I just finished reading "The Atlas Six" by Olivie Blake. It's a Fantasy novel.

From Wikipedia: It is the first of a trilogy and follows six powerful young magic users who have the chance to join the secretive Alexandrian Society. The novel was originally self-published via Kindle in early 2020 before it was acquired by Tor Books after a seven-way auction.

A 7-way auction that Tor won. (proving chaos runs wild in the universe.)

The reviews show the book is super polarizing. Some LOVE it, and other are cursing it's existance. I was on the fence for a lot of it. The characters are unusual, and get more interesting as we go, but it was the magic system that I found the most interesting. Some magic stuff that I hadn't read before. But I seem to be cursed with reading plot-less books. The plot was so wafer thin it made me want to cry. Such a cool premise, and had a lot going for it, but like, DO SOMETHING. Ugh. (To be fair, some stuff does happen, but those moments are too few and far between.)

I won't be reading the next book in the series. I kind of want to know what happens, but not badly enough to wade through more plot-less meandering blah blah to find out.

I really need to find an engrossing, well paced and plotted book.
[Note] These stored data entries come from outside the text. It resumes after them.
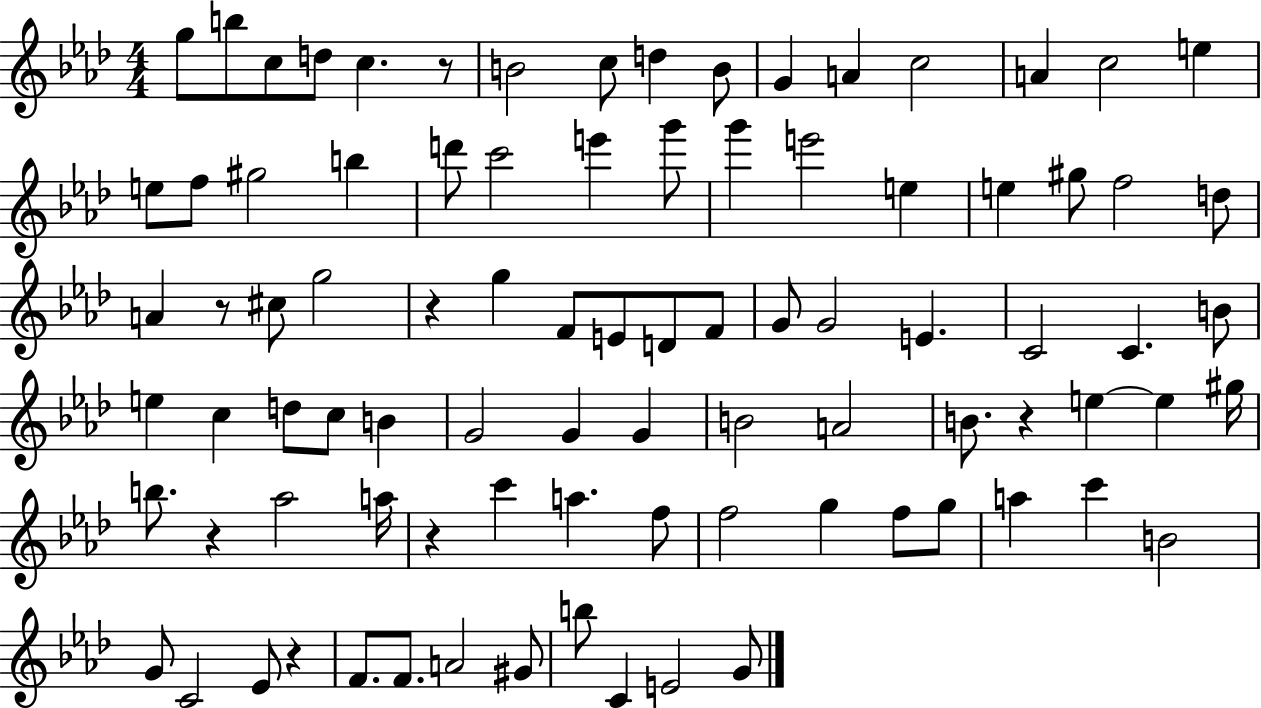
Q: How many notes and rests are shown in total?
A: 89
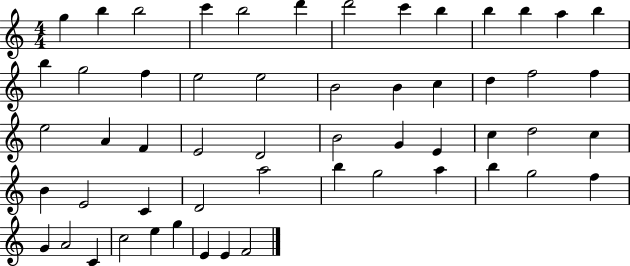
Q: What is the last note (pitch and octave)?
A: F4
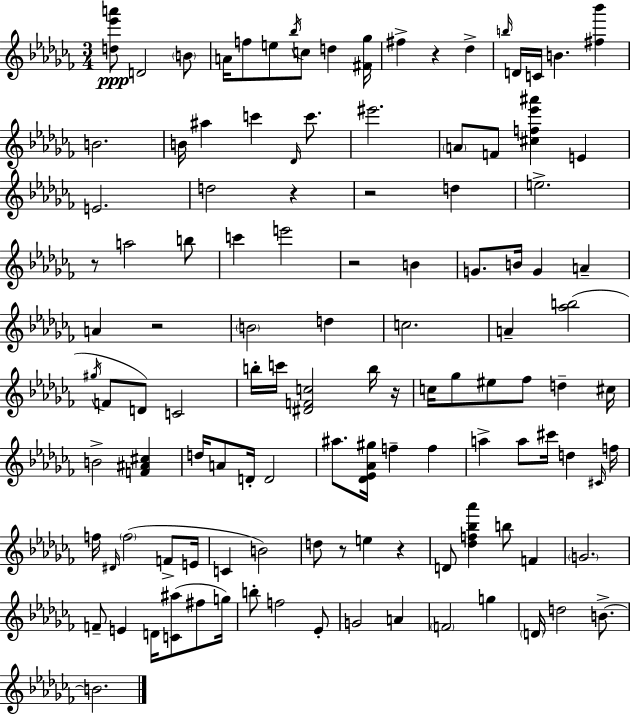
{
  \clef treble
  \numericTimeSignature
  \time 3/4
  \key aes \minor
  <d'' ees''' a'''>8\ppp d'2 \parenthesize b'8 | a'16 f''8 e''8 \acciaccatura { bes''16 } c''8 d''4 | <fis' ges''>16 fis''4-> r4 des''4-> | \grace { b''16 } d'16 c'16 b'4. <fis'' bes'''>4 | \break b'2. | b'16 ais''4 c'''4 \grace { des'16 } | c'''8. eis'''2. | \parenthesize a'8 f'8 <cis'' f'' ees''' ais'''>4 e'4 | \break e'2. | d''2 r4 | r2 d''4 | e''2.-> | \break r8 a''2 | b''8 c'''4 e'''2 | r2 b'4 | g'8. b'16 g'4 a'4-- | \break a'4 r2 | \parenthesize b'2 d''4 | c''2. | a'4-- <aes'' b''>2( | \break \acciaccatura { gis''16 } f'8 d'8) c'2 | b''16-. c'''16 <dis' f' c''>2 | b''16 r16 c''16 ges''8 eis''8 fes''8 d''4-- | cis''16 b'2-> | \break <f' ais' cis''>4 d''16 a'8 d'16-. d'2 | ais''8. <des' ees' aes' gis''>16 f''4-- | f''4 a''4-> a''8 cis'''16 d''4 | \grace { cis'16 } f''16 f''16 \grace { dis'16 }( \parenthesize f''2 | \break f'8-> e'16 c'4 b'2) | d''8 r8 e''4 | r4 d'8 <des'' f'' bes'' aes'''>4 | b''8 f'4 \parenthesize g'2. | \break f'8-- e'4 | d'16 <c' ais''>8( fis''8 g''16) b''8-. f''2 | ees'8-. g'2 | a'4 \parenthesize f'2 | \break g''4 \parenthesize d'16 d''2 | b'8.->~~ b'2. | \bar "|."
}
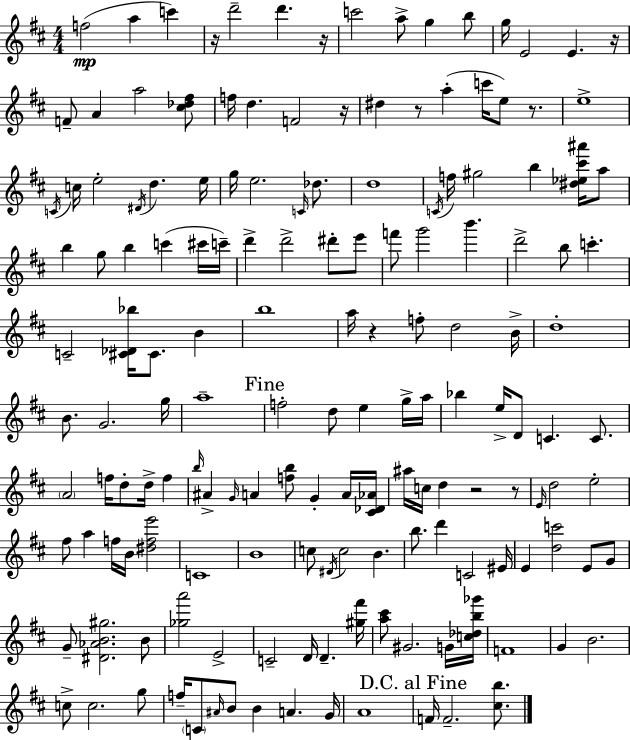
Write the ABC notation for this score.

X:1
T:Untitled
M:4/4
L:1/4
K:D
f2 a c' z/4 d'2 d' z/4 c'2 a/2 g b/2 g/4 E2 E z/4 F/2 A a2 [^c_d^f]/2 f/4 d F2 z/4 ^d z/2 a c'/4 e/2 z/2 e4 C/4 c/4 e2 ^D/4 d e/4 g/4 e2 C/4 _d/2 d4 C/4 f/4 ^g2 b [^d_e^c'^a']/4 a/2 b g/2 b c' ^c'/4 c'/4 d' d'2 ^d'/2 e'/2 f'/2 g'2 b' d'2 b/2 c' C2 [^C_D_b]/4 ^C/2 B b4 a/4 z f/2 d2 B/4 d4 B/2 G2 g/4 a4 f2 d/2 e g/4 a/4 _b e/4 D/2 C C/2 A2 f/4 d/2 d/4 f b/4 ^A G/4 A [fb]/2 G A/4 [^C_D_A]/4 ^a/4 c/4 d z2 z/2 E/4 d2 e2 ^f/2 a f/4 B/4 [^dfe']2 C4 B4 c/2 ^D/4 c2 B b/2 d' C2 ^E/4 E [dc']2 E/2 G/2 G/2 [^D_AB^g]2 B/2 [_ga']2 E2 C2 D/4 D [^g^f']/4 [a^c']/2 ^G2 G/4 [c_db_g']/4 F4 G B2 c/2 c2 g/2 f/4 C/2 ^A/4 B/2 B A G/4 A4 F/4 F2 [^cb]/2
Have started few new ones (one audio and one paperback)... here's hoping.
I remember reading about it as a self-publishing TikTok win story. But my gut feeling was it wouldnt have legs. There is that awful truth. Trad publishing still polishes writers and we all could use a bit of a makeover before we get to readers.
 
I'm still working my way thru Ruth Rendell. Her voice, plots still inspire me with awe. I've yet to meet a character of hers that I like. But nonetheless they compel me. There is a lesson there. I see why the crown made her a baroness for her writing skills.

But this is the book I wanted to post. It was on the bargain table. Nonfiction. I'm glad I picked it up.

Pete Ross, "A Tomb With a View." , The stories and glories of graveyards.

It's a surprising and touching collection of essays about how we deal with what remains of us. From the war dead still remembered on a remote Scottish island, to a robins nest in a medieval skull. Hamlet would've approved.
 
I remember reading about it as a self-publishing TikTok win story. But my gut feeling was it wouldnt have legs. There is that awful truth. Trad publishing still polishes writers and we all could use a bit of a makeover before we get to readers.
But then why didn't Tor do that makeover to this one before publishing? Add in a little plot maybe? I think there might be another awful truth that the bidding war was more about cashing in on her following, rather than the story?? :face-with-monocle:
 
But then why didn't Tor do that makeover to this one before publishing? Add in a little plot maybe? I think there might be another awful truth that the bidding war was more about cashing in on her following, rather than the story?? :face-with-monocle:
I gave your post a bravo, but our emojis need one to commend insight.

@Jonny Is there a way for Litopians to recommend adding emojis to the pictorial arsenal?
 
After reading the wondaful Piranesi a few months ago, I just started Susanna Clarke's first novel - Jonathan Strange and Mr Norrell.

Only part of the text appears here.